The required output is the exact run of lines in the listing below from the line holding "used 2018 Hyundai" through the line holding "EP35【聽交趾陶‧說交趾陶】與溫度、濕度相關的手感藝術品", with no pictures.

** Given entries follows **

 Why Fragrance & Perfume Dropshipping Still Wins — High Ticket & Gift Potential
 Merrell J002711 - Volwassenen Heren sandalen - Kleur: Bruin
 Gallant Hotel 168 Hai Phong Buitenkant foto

** End of Given entries **
** Given entries follows **

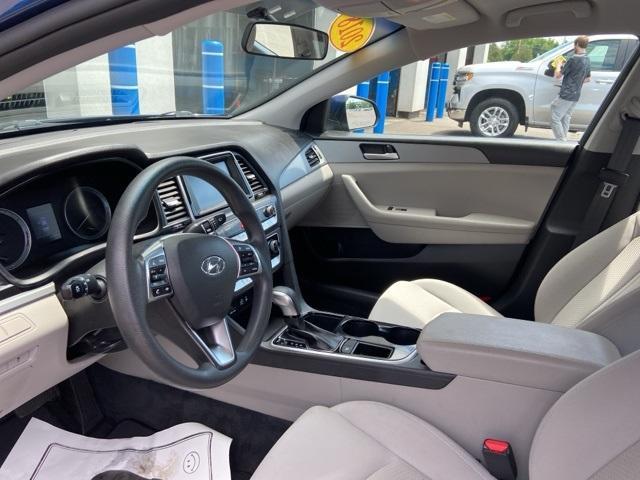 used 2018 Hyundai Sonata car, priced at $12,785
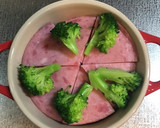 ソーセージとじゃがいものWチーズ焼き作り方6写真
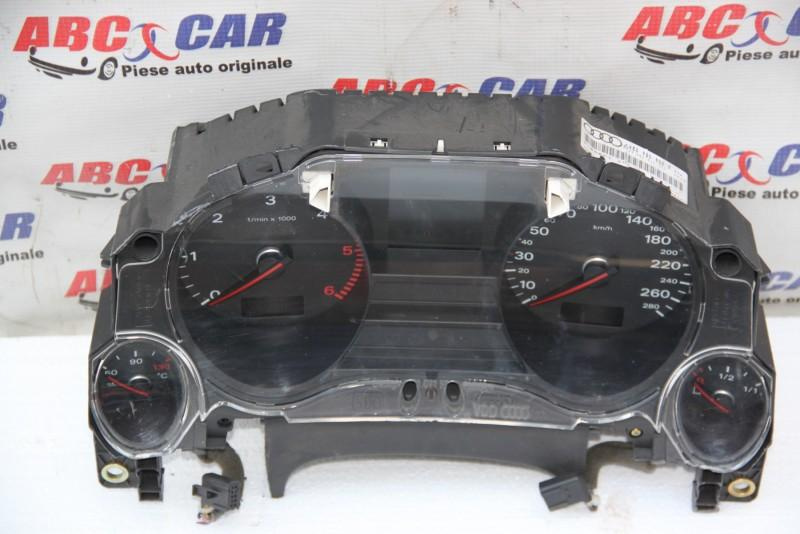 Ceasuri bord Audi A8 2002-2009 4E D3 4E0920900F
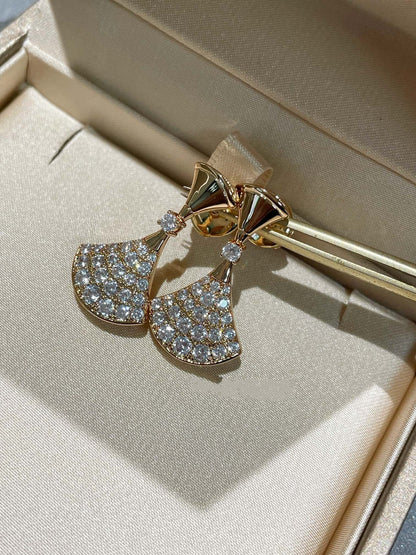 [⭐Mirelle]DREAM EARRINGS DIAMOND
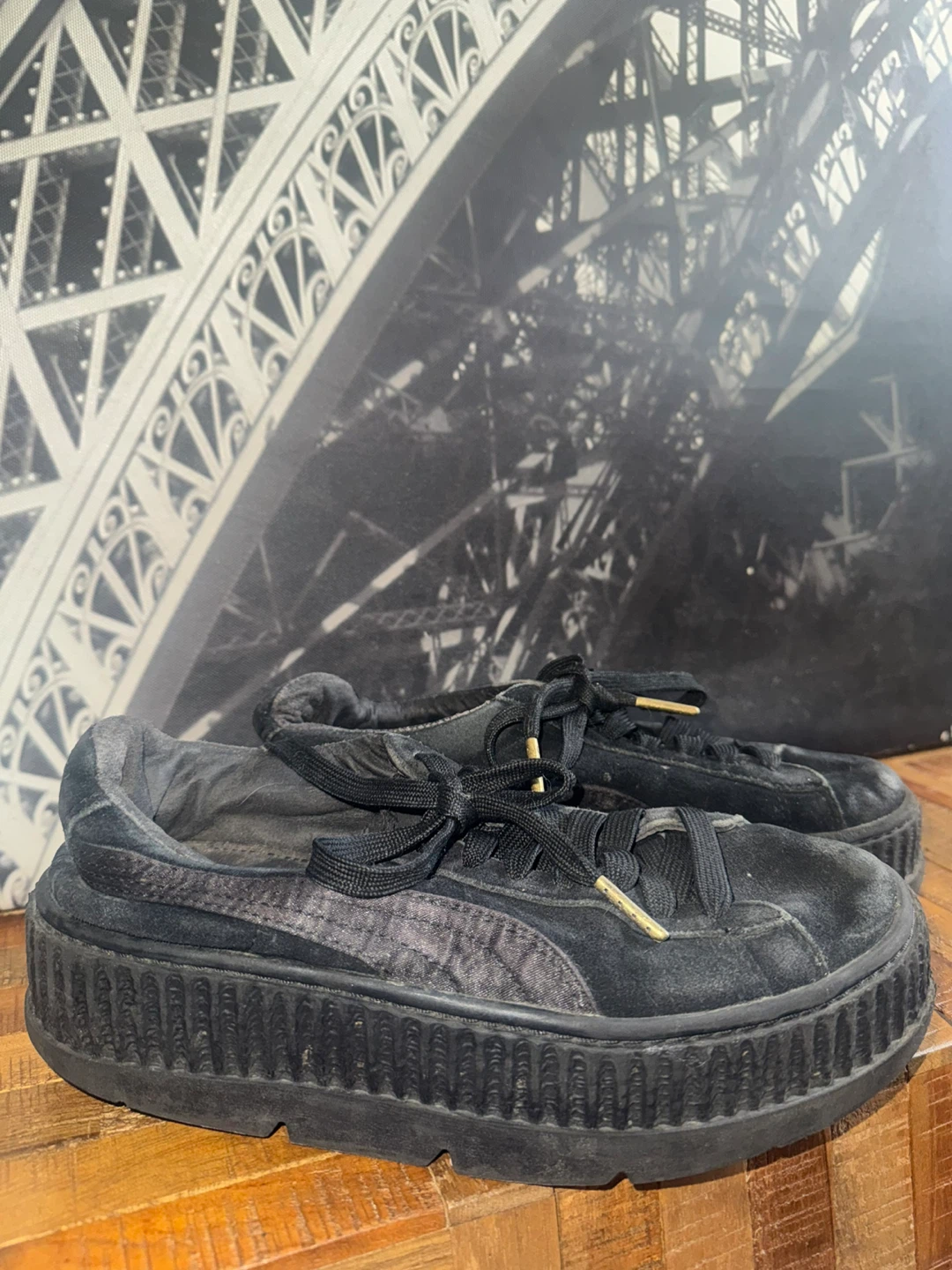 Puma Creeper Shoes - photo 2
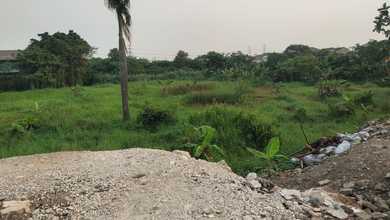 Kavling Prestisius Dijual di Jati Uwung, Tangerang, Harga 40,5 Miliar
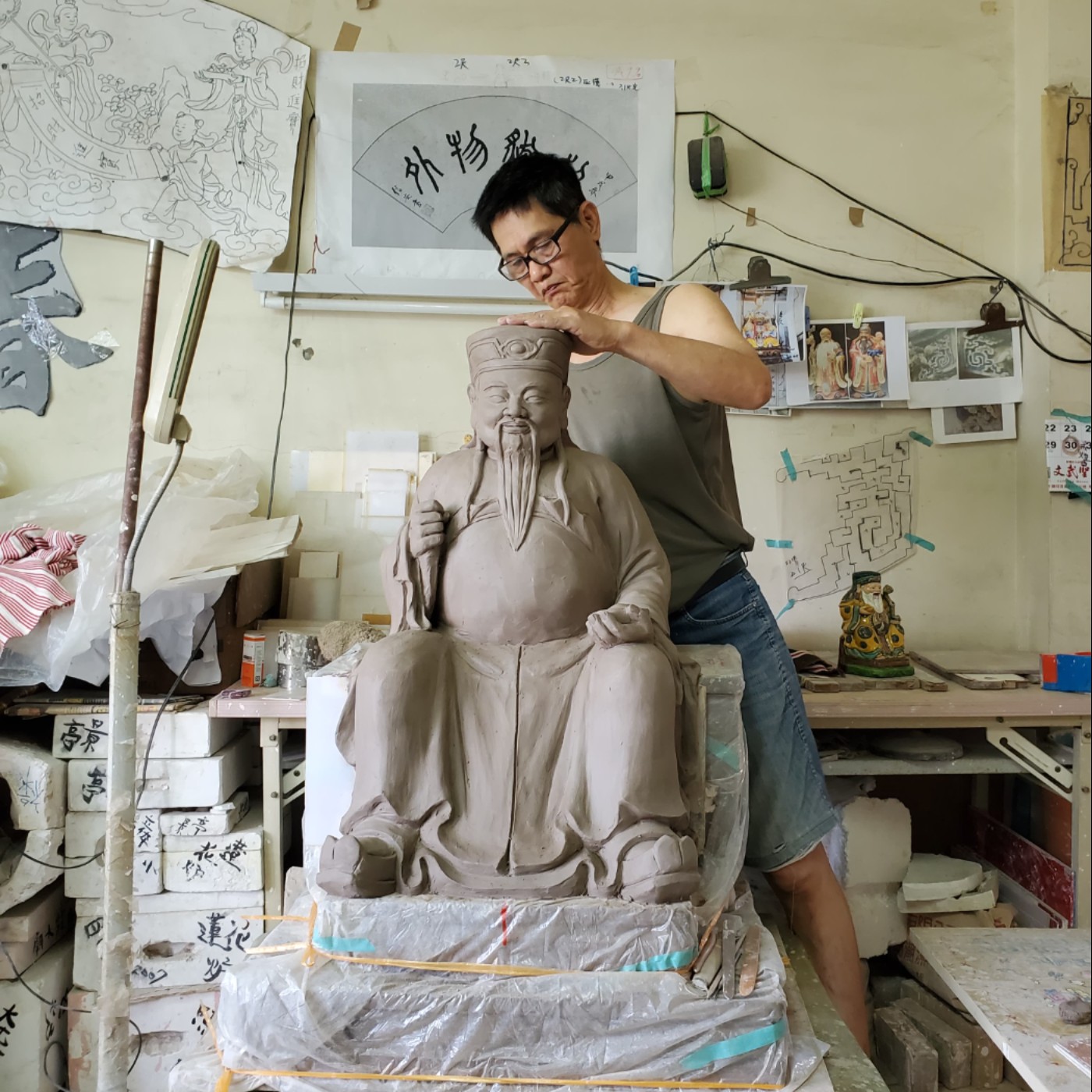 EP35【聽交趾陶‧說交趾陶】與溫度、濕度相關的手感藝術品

** End of Given entries **

Expected output
 used 2018 Hyundai Sonata car, priced at $12,785
 ソーセージとじゃがいものWチーズ焼き作り方6写真
 Ceasuri bord Audi A8 2002-2009 4E D3 4E0920900F
 [⭐Mirelle]DREAM EARRINGS DIAMOND
 Puma Creeper Shoes - photo 2
 Kavling Prestisius Dijual di Jati Uwung, Tangerang, Harga 40,5 Miliar
 EP35【聽交趾陶‧說交趾陶】與溫度、濕度相關的手感藝術品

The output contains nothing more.